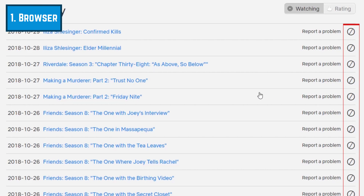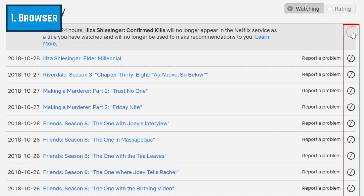Beside each show or movie you've watched that you'd like to remove from your history, click the hide icon to the right of its title. This will remove this entry from your viewing activity list and will no longer be used to recommend other titles.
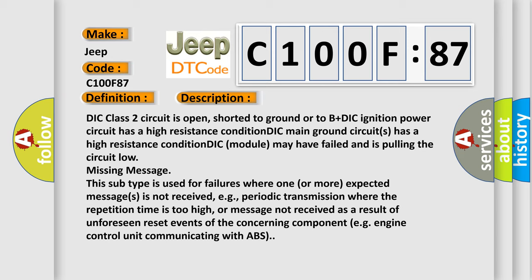DIC main ground circuits has a high resistance condition. DIC module may have failed and is pulling the circuit low.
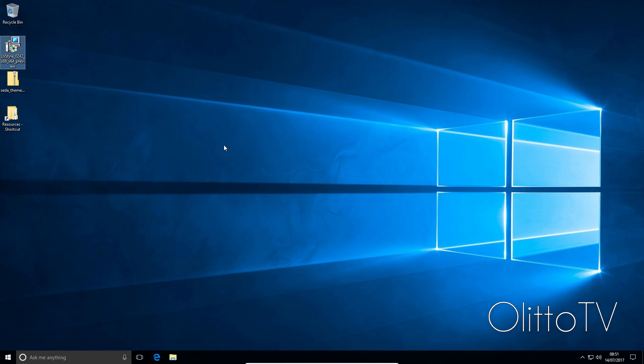What is going on guys, it's your boy AlitaTV back here with a video today on fixing a UX Style issue with Windows 10 Creators Update.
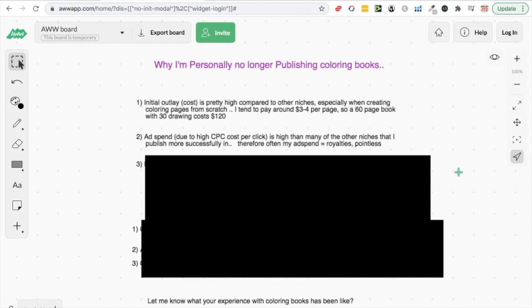What I tended to find is that yeah, I can actually rank these coloring books, I can get them to start selling a bit, but generally I spend so much on ads that it just means I'm breaking even and the book never really takes off. So it's kind of just pointless because I'm spending so much on ads.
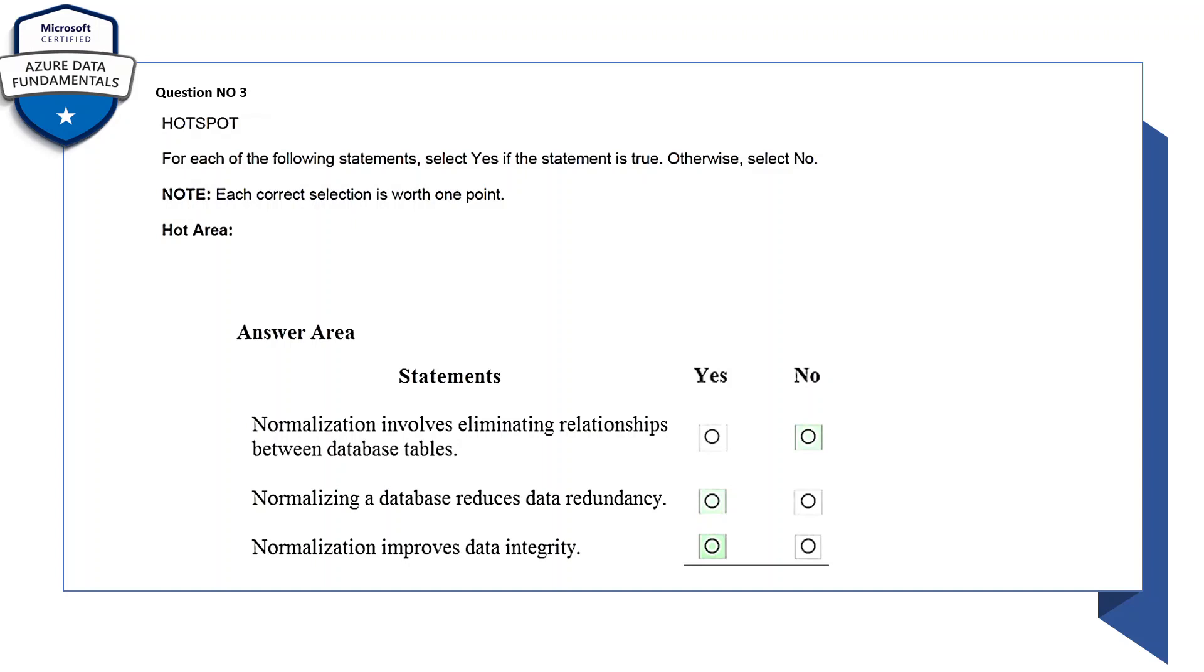Let's read out the statement: normalization involves eliminating relationships between database tables - so this is wrong, so it would be no. Normalizing a database reduces data redundancy - yes, this is correct. Normalization improves data integrity - yes.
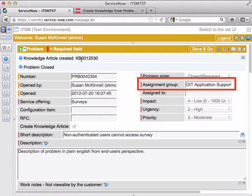Just like in the incident process, if you're working a problem and you realize that a different assignment group needs to be dealing with that problem, you can reassign that problem ticket to the appropriate assignment group.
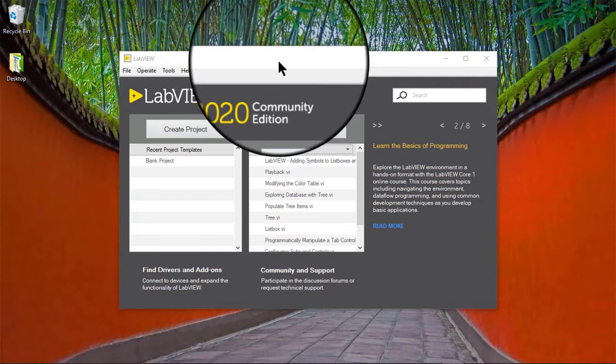In this video, we will learn how to insert or delete rows or columns of data in tables.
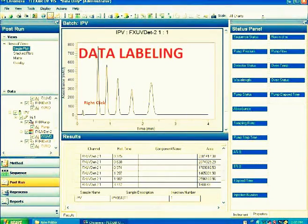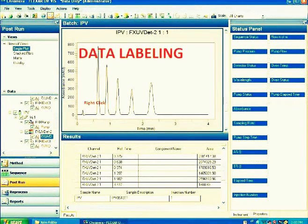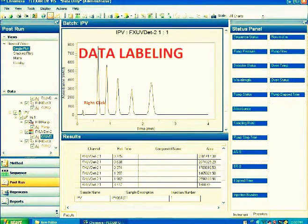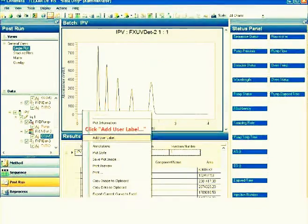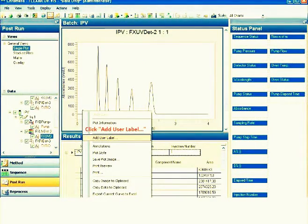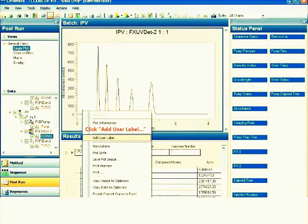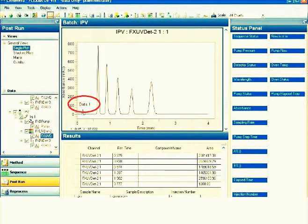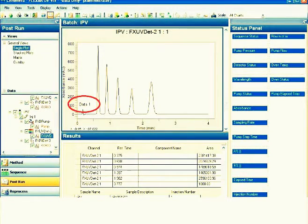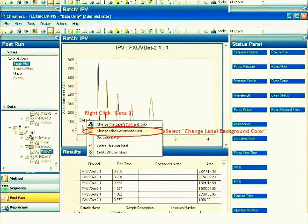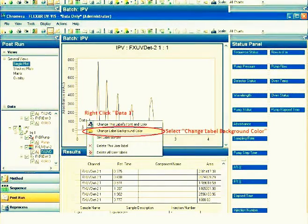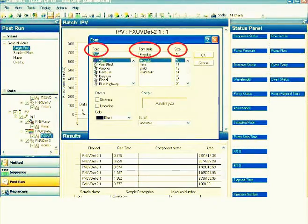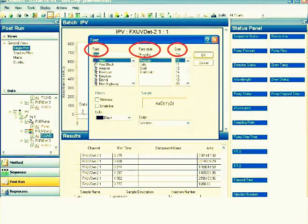This is data labeling. You just label the results of your analysis. First, right click on the picture. Then you will see Command Add User Label. Click on it. Automatically, the computer registers data one for the first peak. Then you can change the labels font color, change label background color, set label border, and you can also delete the user label or delete all user labels. You can change the font, font style, size.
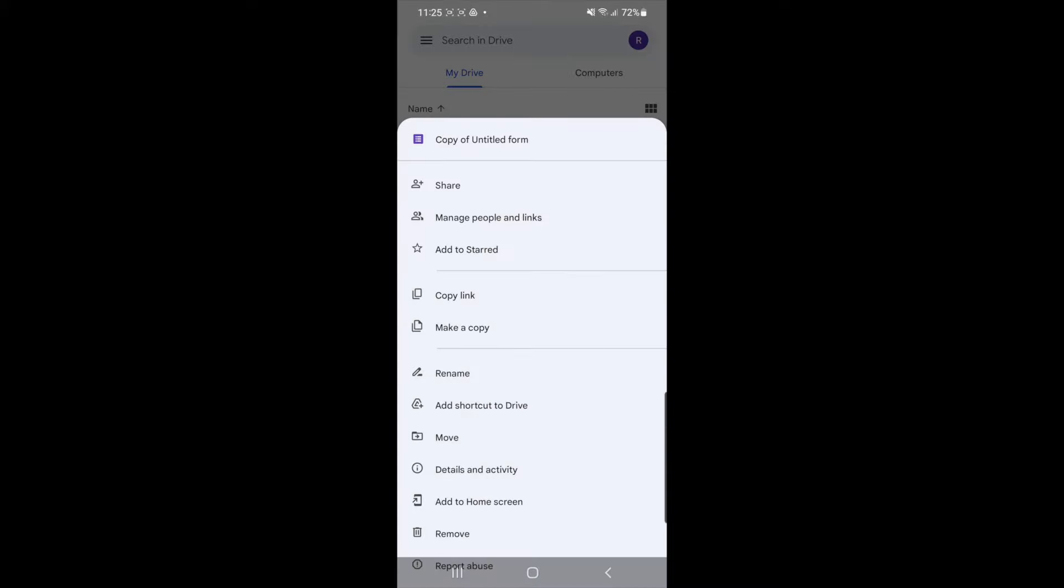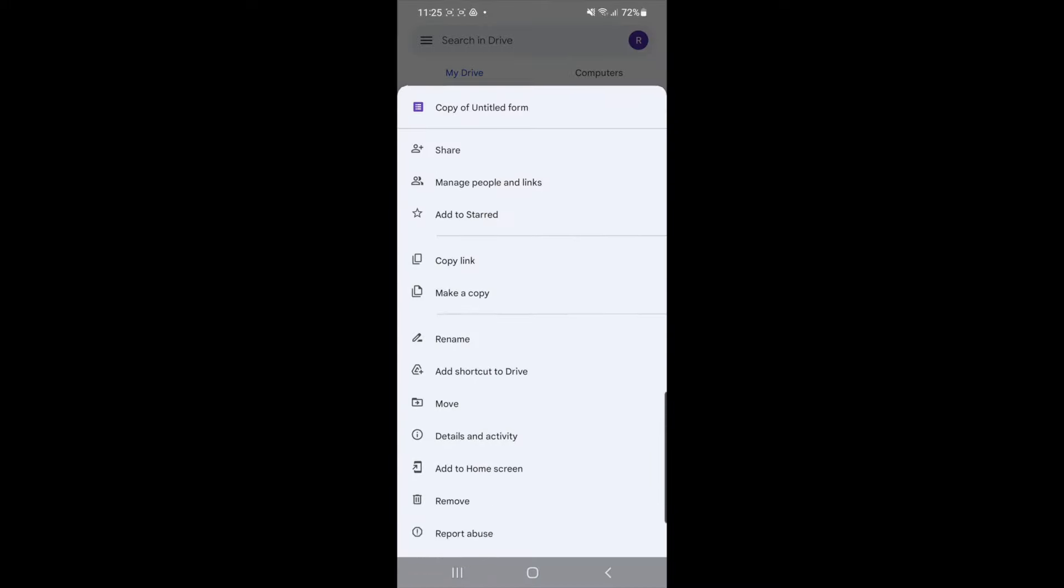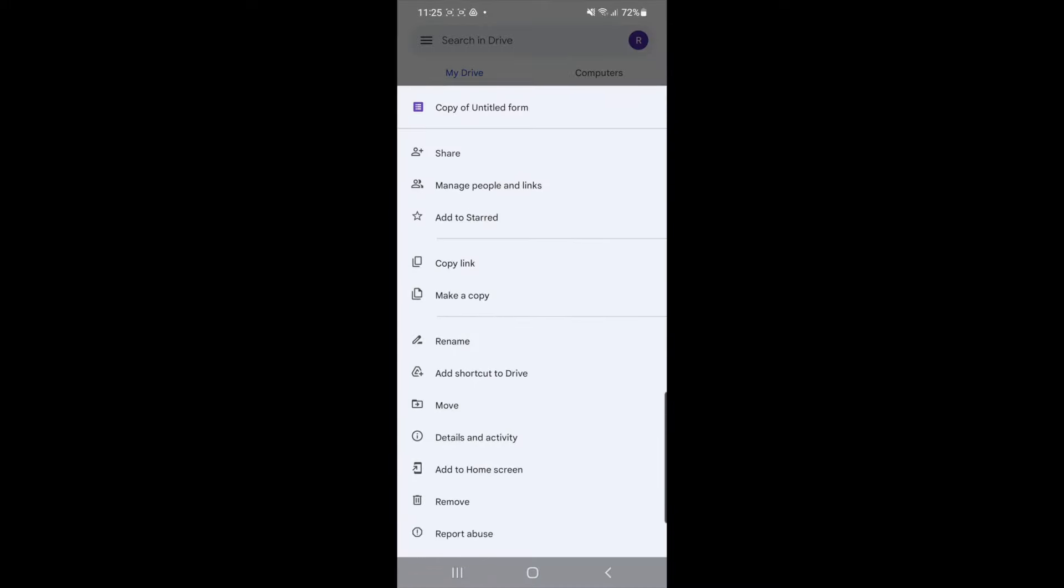Click on the three dots and then as you can see down there at the bottom, there will be an option for remove.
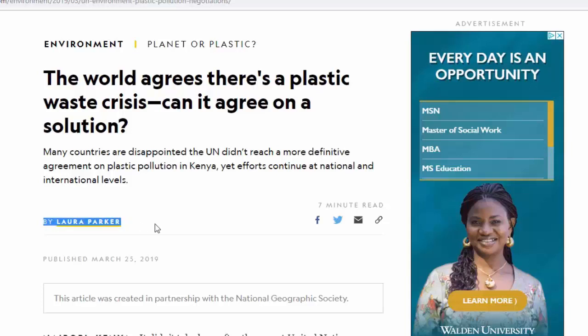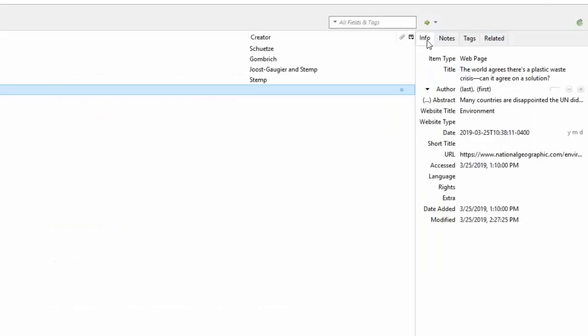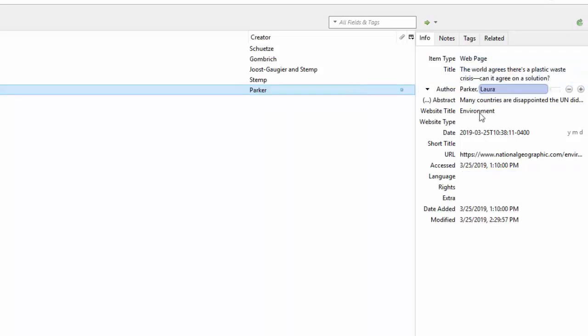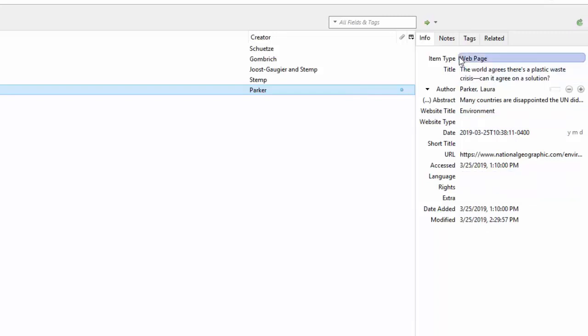Luckily, it's easy to fix. From the Info tab over on the right, you can click into information and add or delete. So be sure to check the info when you save a citation so you can immediately go in there and make sure that it's complete.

———

Prompt
With pictures omitted, repeat the entries above word for word from the line holding "This is data" down to the line holding "Click on the three", keeping both of those lines.

Task response
This is data labeling. You just label the results of your analysis. First, right click on the picture. Then you will see Command Add User Label. Click on it. Automatically, the computer registers data one for the first peak. Then you can change the labels font color, change label background color, set label border, and you can also delete the user label or delete all user labels. You can change the font, font style, size.
Click on the three dots and then as you can see down there at the bottom, there will be an option for remove.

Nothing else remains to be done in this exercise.